Connect the monitor to the video card *OR* the onboard video connector, whichever is applicable. If you have onboard video, use the onboard video rather than a video card.

*DO NOT* connect *ANYTHING* else.

* PLUG IN THE POWER SUPPLY*

*POWER ON THE POWER SUPPLY.*

At this point the power *supply should not turn on*. If the power supply comes on, *STOP*, there is a problem with either the power supply or the mainboard.

If the power supply *does not turn on* (which is correct), Use a flat bladed screwdriver to *momentarily* short the power switch connector on the motherboard header. If everything is OK when you short the power switch on the motherboard header the machine should POST.

Attached is a photo of a standard 20 pin ATX power supply mainboard connector.


----------



## win2kpro (Jul 19, 2005)

A couple of questions.

What is the EXACT make and model of your power supply?

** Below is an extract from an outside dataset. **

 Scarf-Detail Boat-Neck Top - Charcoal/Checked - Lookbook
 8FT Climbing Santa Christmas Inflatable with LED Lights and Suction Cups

When you installed the mainboard in the case, did you install it on the standoffs (risers) to keep the maiboard from contacting the bottom of the case? If so, did you make sure there were no extra standoffs (risers) left attached to the case?


----------



## hughie (Dec 27, 2003)

Dear Win2kpro

Thanks for the detailed rundown, I will try your suggestions out later in the week. I installed the mobo on brass risers, BUT I think I screwed the mobo down on 1 built in riser on the metal computer case now after reading you article this maybe causing a short. 
The power supply is an codegen 400w.


----------



## hughie (Dec 27, 2003)

Dear All
I followed the advice given and I did an out of case build it seems the mobo's at fault is there any way round this problem? Or do I have to scrap the board?

Many thanks Hughie


----------



## win2kpro (Jul 19, 2005)

I would return the board to my place of purchase and get a replacement board. If you purchased the board new it should have some warranty either from the seller or from Asus.


----------